*** Begin section ***
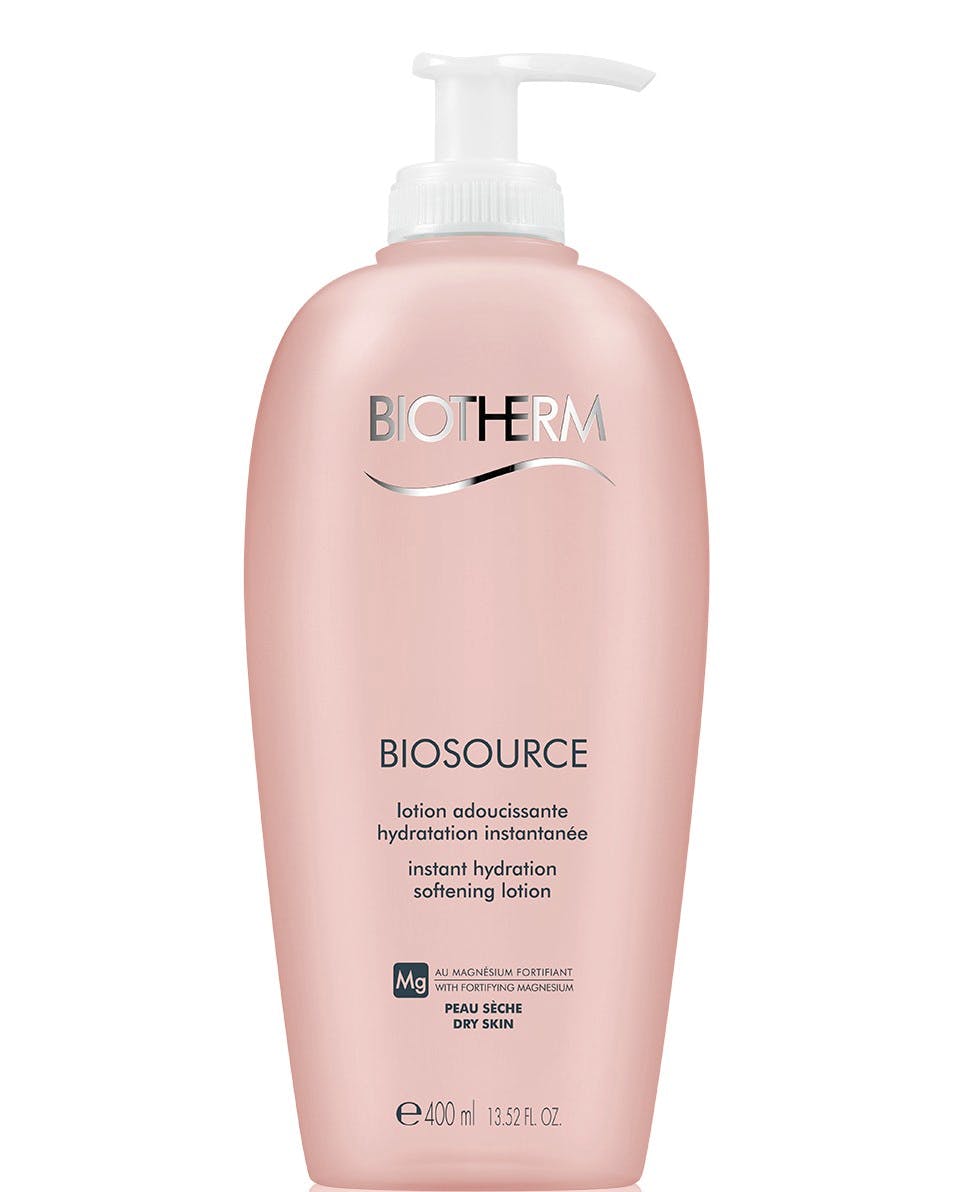 Biotherm Adoucissante Softening Toner - Dry Skin 400 ml - kr
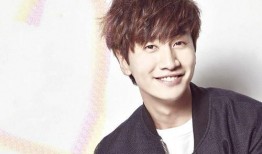 李光洙恋爱史遭爆料视频,视频爆料引发网友热议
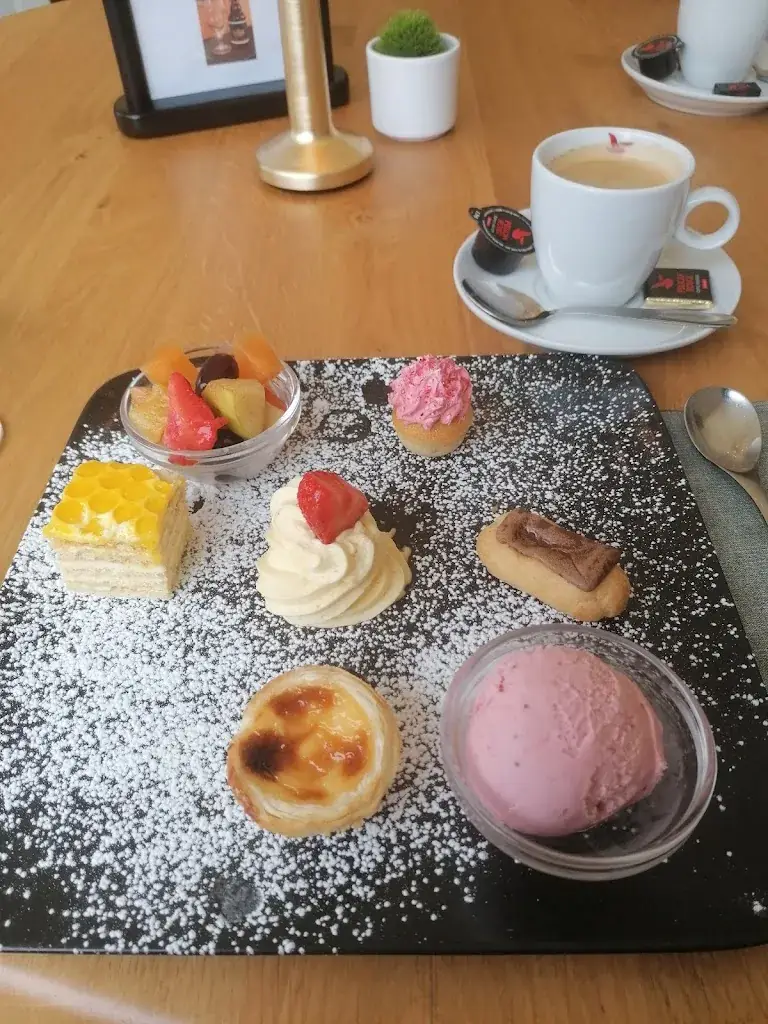 Menu_Brasserie Rhodesgoed_Izegem_image_8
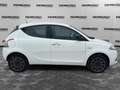 Lancia Ypsilon 1.0 FireFly 5 porte S&S Hybrid Oro Blanco - thumbnail 4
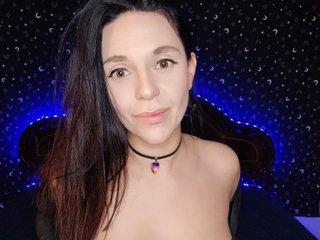 Webcam Snapshot for VelvetSun
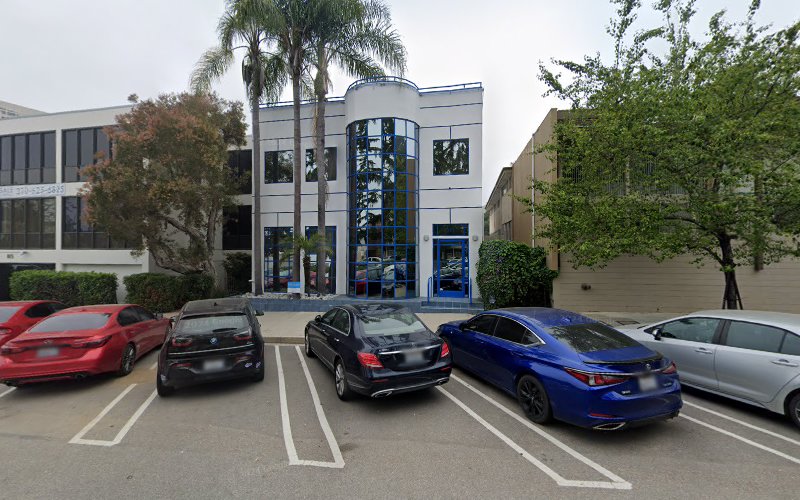 368807 robert friedman law offices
*** End section ***
TASK INSTRUCTIONS: Give an exact copy of the listing, without its pictures.

COMPLETED TASK:
 Biotherm Adoucissante Softening Toner - Dry Skin 400 ml - kr
 李光洙恋爱史遭爆料视频,视频爆料引发网友热议
 Menu_Brasserie Rhodesgoed_Izegem_image_8
 Lancia Ypsilon 1.0 FireFly 5 porte S&S Hybrid Oro Blanco - thumbnail 4
 Webcam Snapshot for VelvetSun
 368807 robert friedman law offices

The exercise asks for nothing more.